Crash: une décade de crises financieres selon Adam Tooze

 Adam Tooze, un spécialiste de l'histoire économique du 20ᵉ siècle qui a enseigné à Cambridge et Yale, publie en 2018 une rétrospective détaillée de la grande crise financière de la dernière décade.

Émeutes en Grèce

C'est un sujet qui a déjà été couvert par d'illustres auteurs (on pense à Paulson, Bernanke, Geithner). L'auteur intègre tous ces témoignages tout en détaillant les effets de la crise de l'Europe de l'Ouest à la Corée, en passant par les pays de l'Est, la Russie et la Chine.

Le livre suit un plan chronologique détaillé, qui reprend chaque étape de la crise, telle qu'elle a pu être relayée par d'autres très bonnes sources, je reprends ici certaines observations particulièrement pertinentes de l'auteur.

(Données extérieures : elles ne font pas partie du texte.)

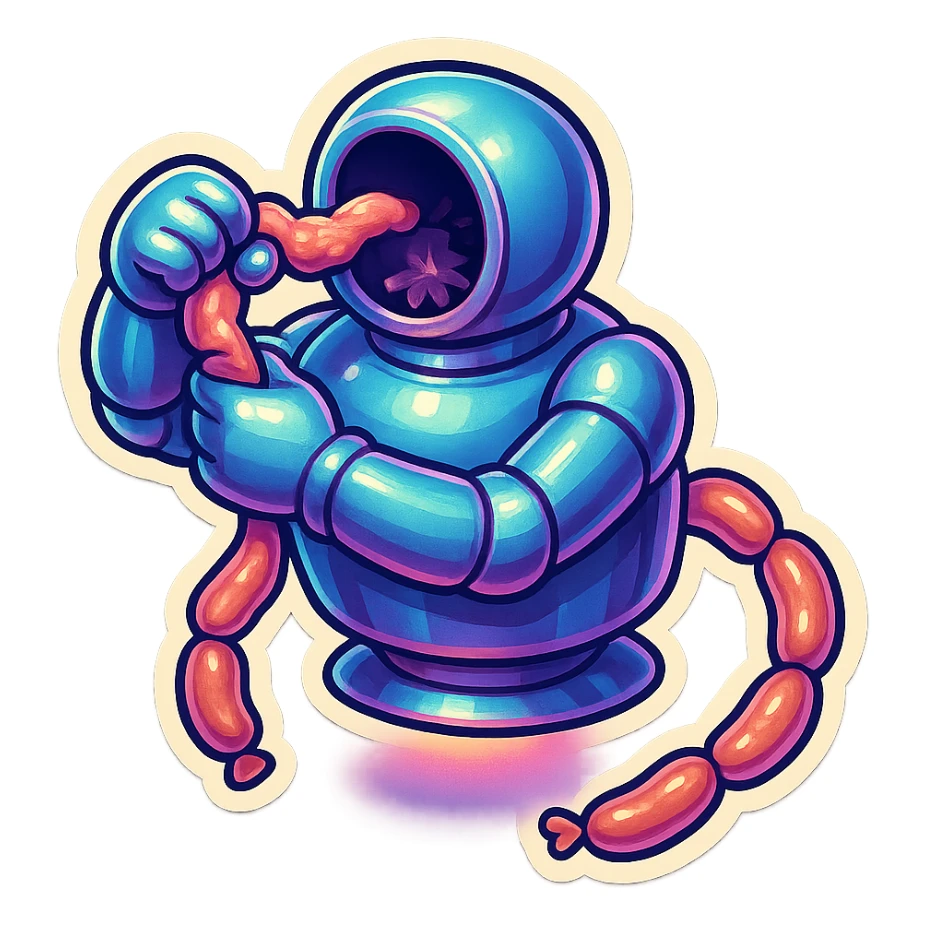 hovering robot. stuffs material into large hole on its top with 2 arms. no head. hole is where a head would be. spinning gears and blades in hole grind material. sausage links come our of hole on backside.  3/4 view. between realism and cartoon. well lit. no dramatic lighting. metallic shiny robot. works diligently. dark humor sticker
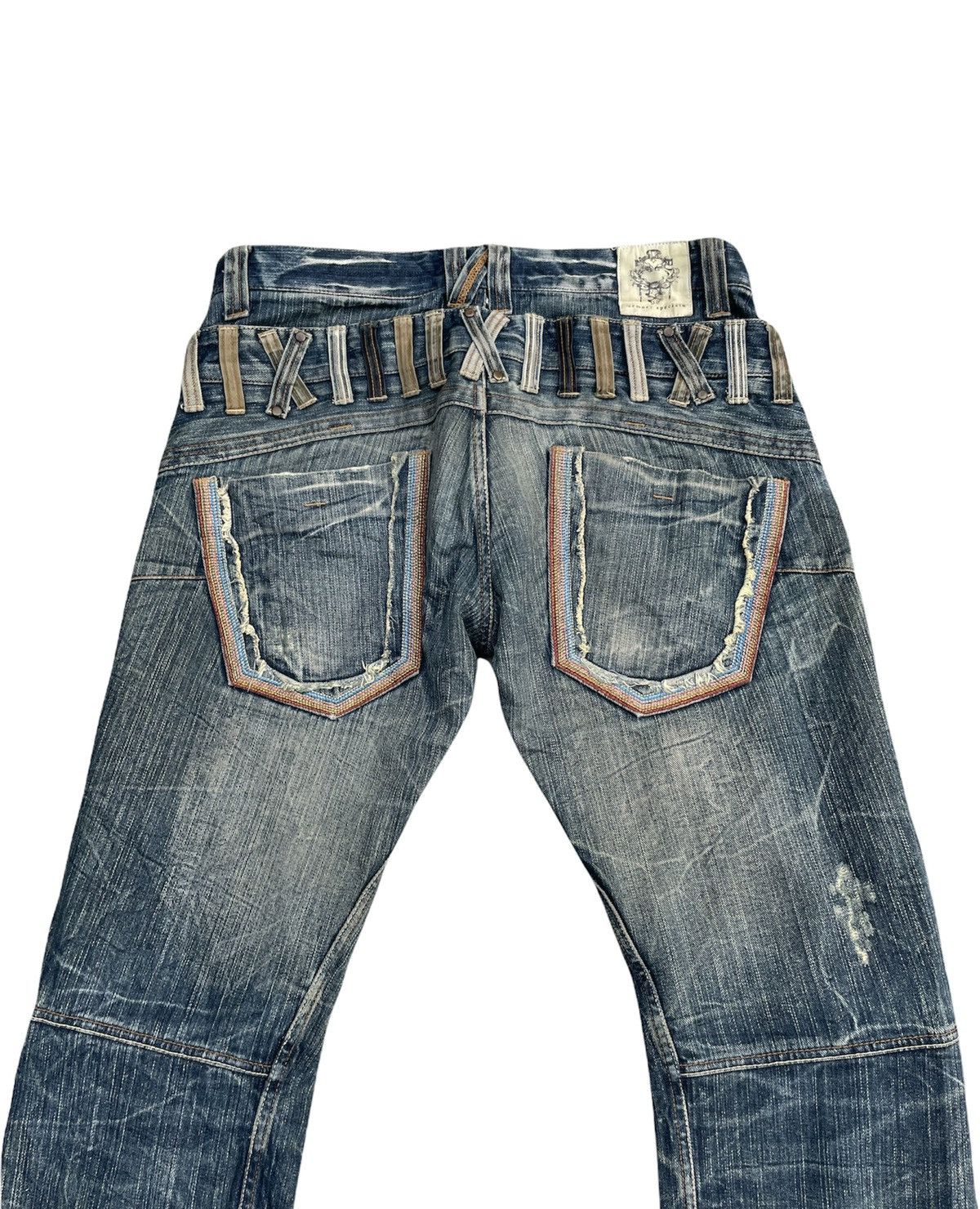 Japanese Brand Memory Special Double Waist Distressed Denim Size US 34 / EU 50 - 11 Thumbnail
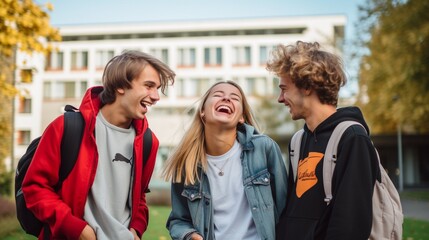 Obraz premium Multiracial university students in campus talk and have fun outdoors.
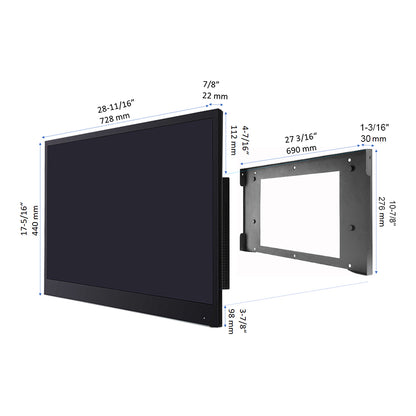 Soulaca 32 inches Smart Black Color TV for Bathroom Hotel Advertising LED Television Waterproof-Soulaca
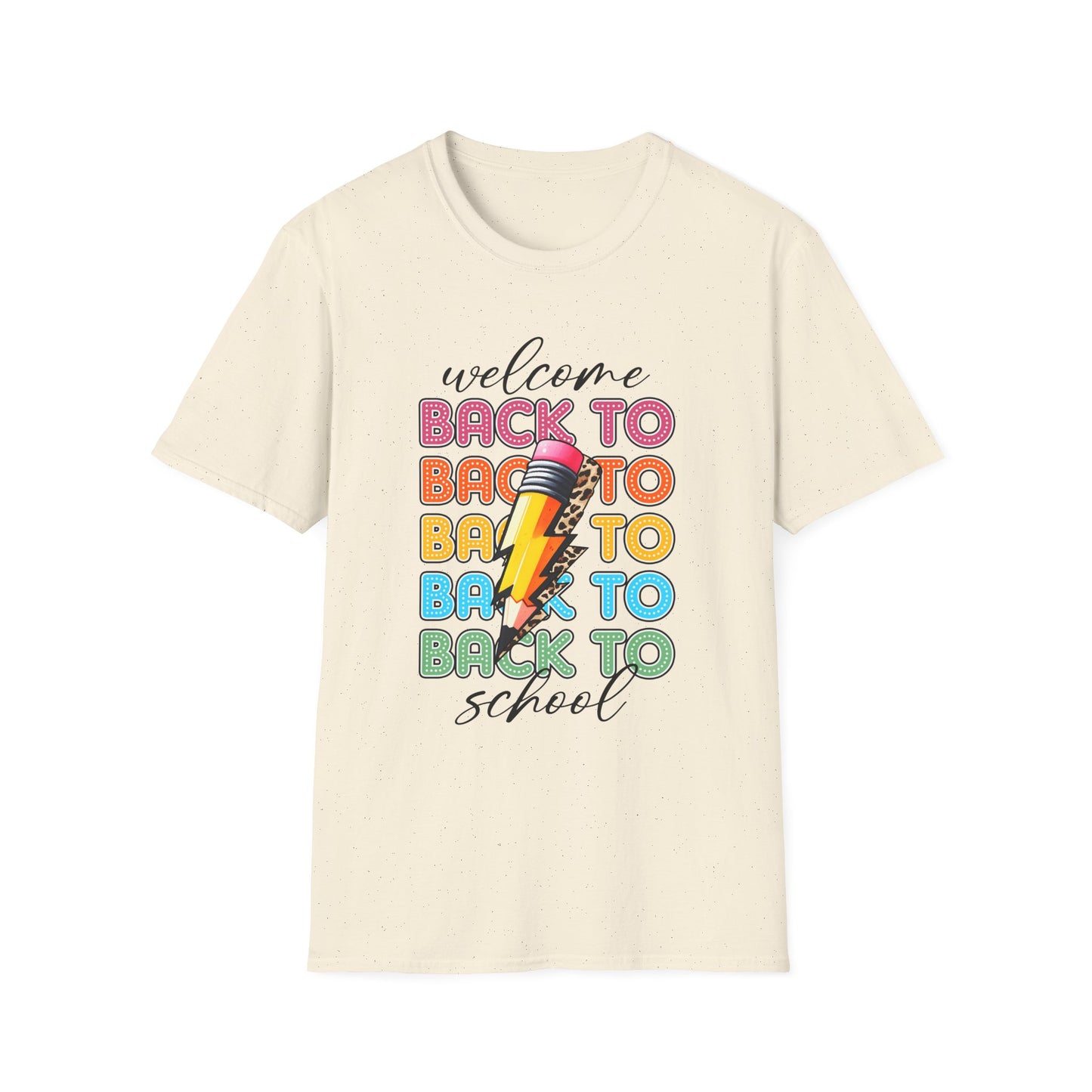 Welcome Back to School Pencil Graphic T-Shirt | Retro Colorful Typography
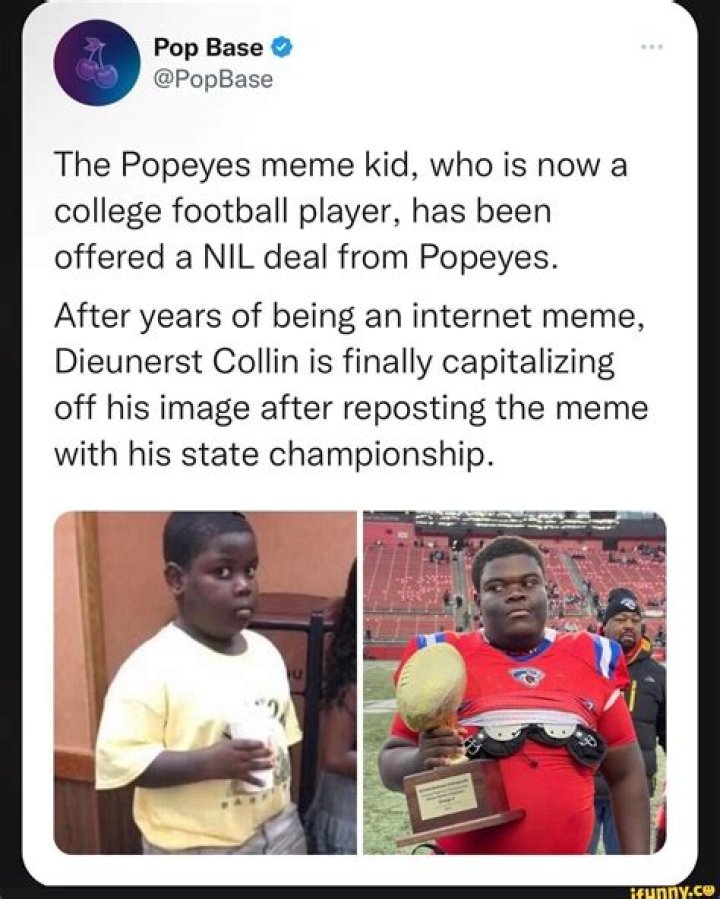 
The “Popeyes Meme Kid” is Now a Collegiate Football Player With a Billboard and Endorsement Contract 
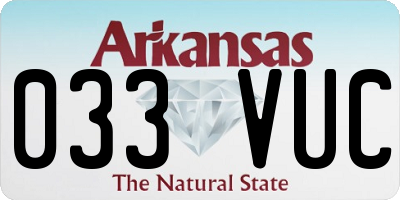AR license plate 033VUC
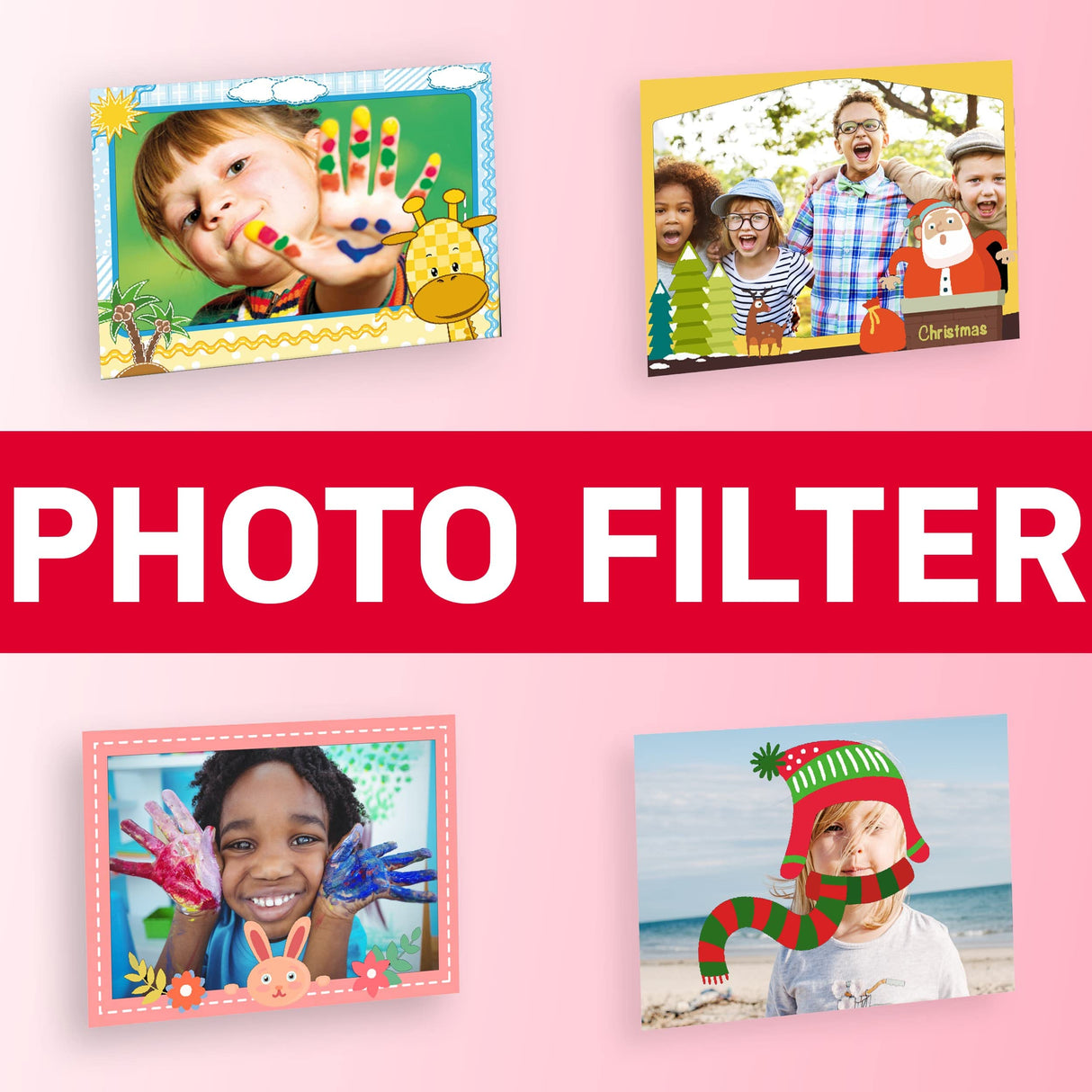 AgfaPhoto Realikids Cámara instantánea + 1 Tarjeta Micro SD de 32 GB + 3 Rollos de Papel térmico ATP3WH - Cámara instantánea para niños, Pantalla LCD de 2.4 Pulgadas, Espejo Selfie y Filtro de Fotos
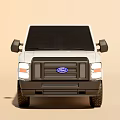 White Ford Commercial Van With Side Windows And Black Front Grille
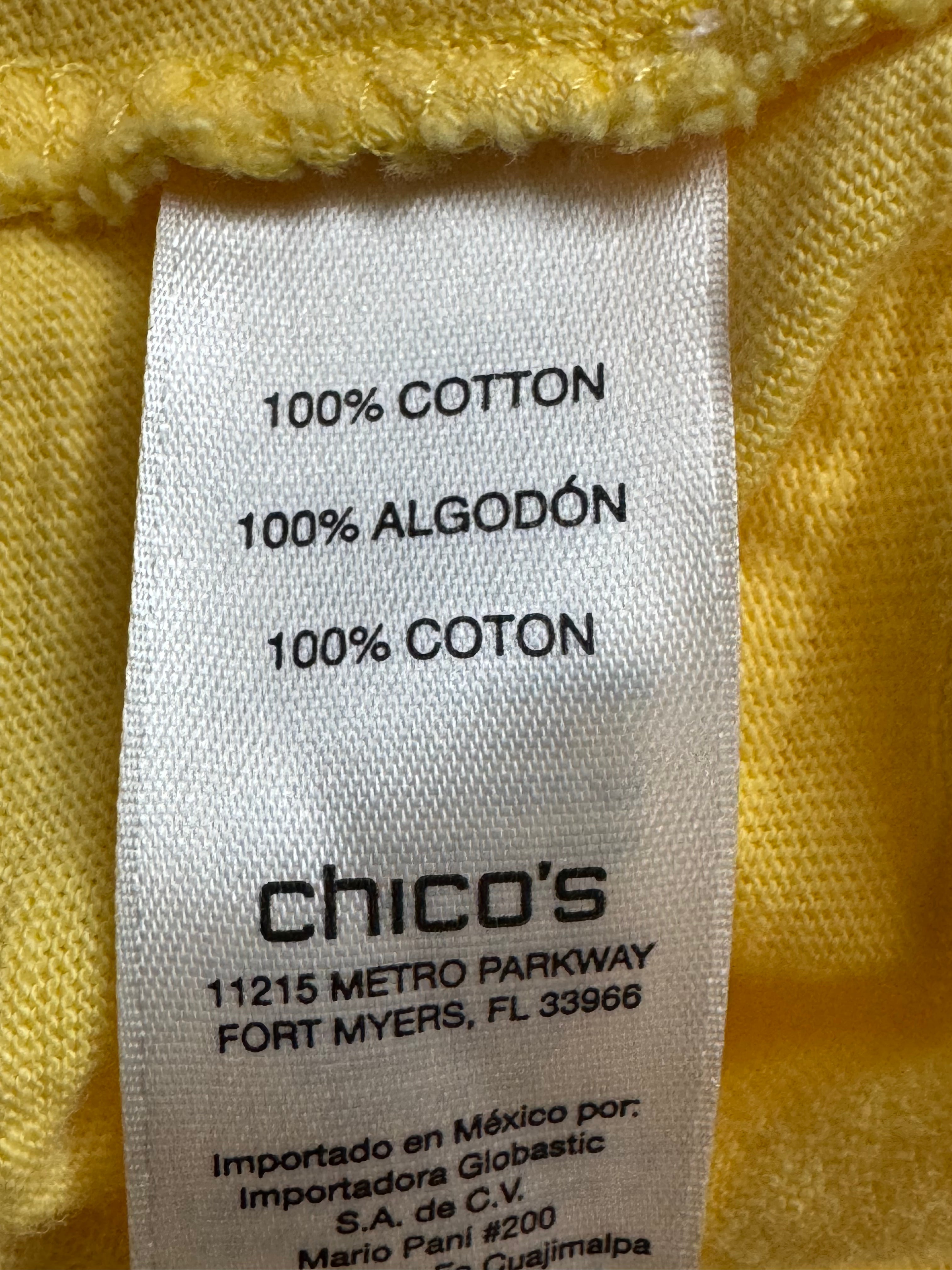 Chico's Bright Yellow Cotton V-Neck Tee - Size 2 (US Large) ☀️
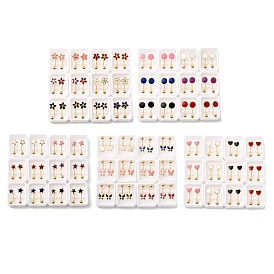 304 из нержавеющей стали серьги, с эмалью, золотые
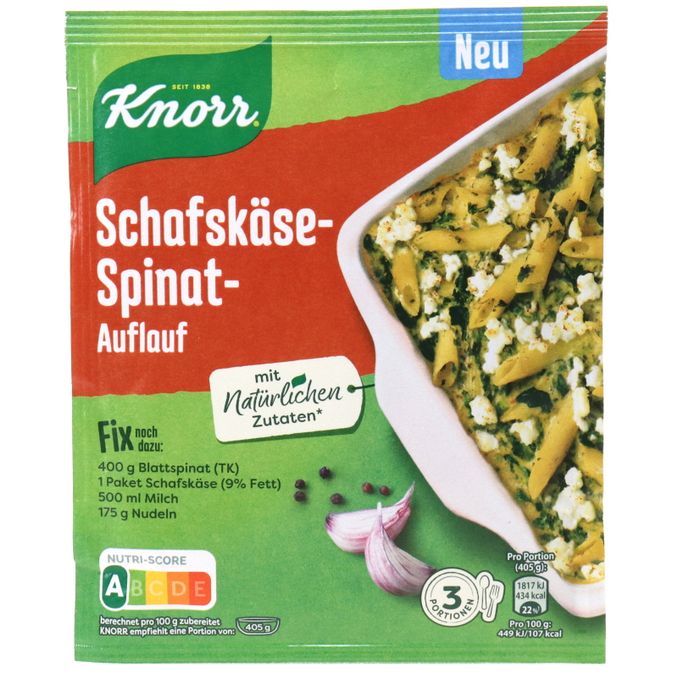 Knorr Fix Schafskäse-Spinat-Auflauf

Hégémonie confirmée du Dollar

Adam Tooze rappelle que les flux financiers entre l'Europe et les USA représentent des montants plus important que les importations d'Asie.

Les flux financiers en 2007 avant la crise étaient les suivants :

  • US-Eur: $1,6t, Eur-US: 2,6t
  • US-APAC: $0,2t, APAC-US $0,9t 

Comme indiqué depuis Triffin, le déficit commercial américain conduit à des flux d'investissement du reste du monde. L'investissement de la Chine en bons du trésor américain est très visible dans les médias. On voit ici que l'Asie (incluant aussi le Japon) ne correspond quand 0,7t alors que l'Europe est plus intégrée à la finance américaine, et finance 2,6t d'actifs américains, représentant 1t de prêts nets.

Les banques européennes empruntent des dollar sur le marché à court terme pour investir dans des actifs en dollar à long terme. Ce mécanisme de prise de risque avait été décrit par le PDG de Citigroup comme une partie de "chaise musicale" à laquelle les banques jouent pour tenir leur rang face à la compétition.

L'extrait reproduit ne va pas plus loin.